The Legislative Cocktail Hour
Women's rights in Texas: Things may get worse before they get worse
Although one of the most restrictive — and controversial — abortion bills in U.S. history was signed just hours earlier, a trio of Texas state representatives decided it wasn't enough.
It wasn't enough to threaten the shutdown of all but a handful of women's health clinics, effectively cutting off millions of Texan women from their right to healthcare. It wasn't enough to put such intense restrictions on abortions — and the facilities and doctors that supply them — that all but an elite few will have access.
It wasn't enough to expose an entirely new generation of women to the wonders of back alley abortions and flea market pharmacies. So Texas representatives Dan Flynn (R), Geanie Morrison (R) and Phil King (R) got together and wrote a bill that would make it illegal to have an abortion after a fetal heartbeat is detected — something that usually happens around six weeks.
Regardless of what side of the abortion debate you fall, this part will probably make you cringe. Although most women don't even know they're pregnant at six weeks, for those who do, abortion providers would be mandated to find a fetal heartbeat using a transvaginal ultrasound. That's right: the same vaginal probing device that terrorized all of us in the last legislative session.
On the other side of the aisle, Rep. Harold Dutton Jr. (D) filed a bill that would stop anti-abortion bills from being filed until Texas abolishes the death penalty. In June, Texas executed its 500th inmate. Just last week, two more went down. That's 502 and counting.
Neither bill is projected to go far, but they certainly illustrate the incredibly polarized views of the people of Texas.
Does this smell funny to you?
In an interview with the Waco Tea Party, Lt. Gov. David Dewhurst remarked on the "despicable" protestors who converged on the capital during the July 12 vote on the abortion bill. According to the Huffington Post, Dewhurst said:
I walked over to where they were screening, and they were getting bottles out and smelling them. They were getting water bottles out and smelling and they had urine in it. ... And there were bags they had set aside and were going to put in the trash and throw it out, of feces. Just despicable.
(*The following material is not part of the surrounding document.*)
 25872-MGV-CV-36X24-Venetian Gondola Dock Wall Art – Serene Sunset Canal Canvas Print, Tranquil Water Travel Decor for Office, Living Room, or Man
Despicable.
Let's just say this is true. What is perhaps more disturbing than people purportedly bringing poop and urine into the Capitol building is that state troopers smelled it. I thought the general rule of thumb is that if something looks like human waste, you err on the side of caution and treat it as such. You don't smell it, and you certainly don't touch it.
In this case, security screeners get the benefit of the doubt. If there is even a chance that something in a water bottle is pee, you get to throw it out. Perhaps Attorney General Greg Abbott should run for governor on this platform. We can certainly all support it.
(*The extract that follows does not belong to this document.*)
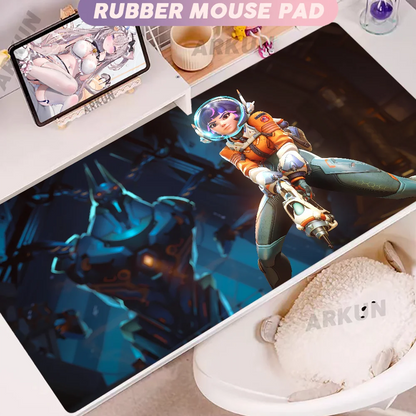 Módní velká FPS 900x400 anime herní podložka s dívkou ve stylu Overwatch pro notebook a kancelář, měkká gumová podložka na stůl, herní podložka pod myš XXL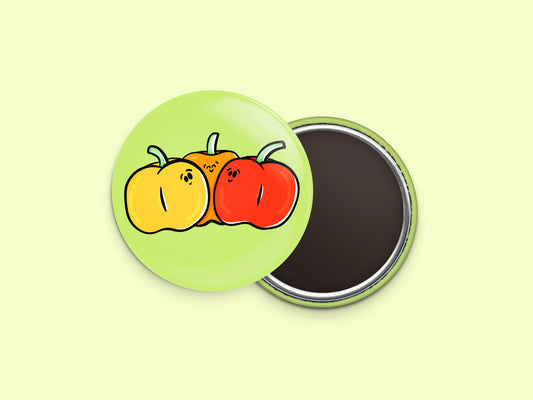 Trio of Bell Peppers Button Fridge Magnet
Speaking of support, although the abortion bill has received an inordinate amount of coverage, as Texas politicos would like to point out, there is still one big issue this session needs to tackle: the pesky transportation bill. One piece of legislation would hope to put a constitutional amendment in front of Texas voters in the fall to divert about $800 million in oil and gas taxes toward infrastructure.
Although it passed the House on Thursday, no one is expecting it to sail through the Senate this week. And because they have a different plan altogether, it's anyone's guess as to what they'll end up doing.
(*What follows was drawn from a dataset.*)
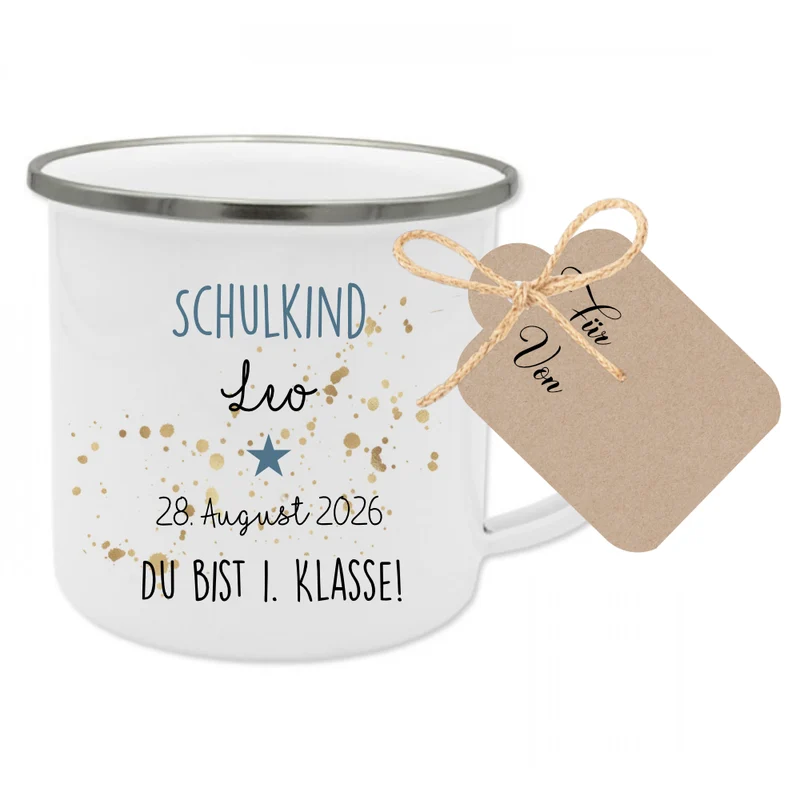 Personalisierte Tasse für das Schulkind | Geschenk für Jungen und Mädchen mit Namen und Datum | 2 Farbvarianten zur Auswahl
At the abortion bill signing, Gov. Rick Perry told lawmakers that he'd like to see them go home and have some great vacation time with their wives and children (yep, he said "wives") and that they could certainly go ahead and do that "as soon as you put a transportation bill on my desk." Given that they have until July 31 to end the session, I'd say chances of this are slim.
Even slimmer are chances that he'd call them back right away, before they reached a deal. So it looks like we may all get a break from the Pink Dome for a while in August. But because Perry has been known to surprise everyone in the past, I'm not laying down any money on it.
Well, it hasn't been a fun week to be a Texan. The Daily Show yelled profanities at us. The rest of the country keeps talking about how messed up we are. (Didn't they hear about Detroit? Or Egypt?) But we'll get through this. Because things always get worse before they get worse. Then, hopefully, they get better. And then they get great.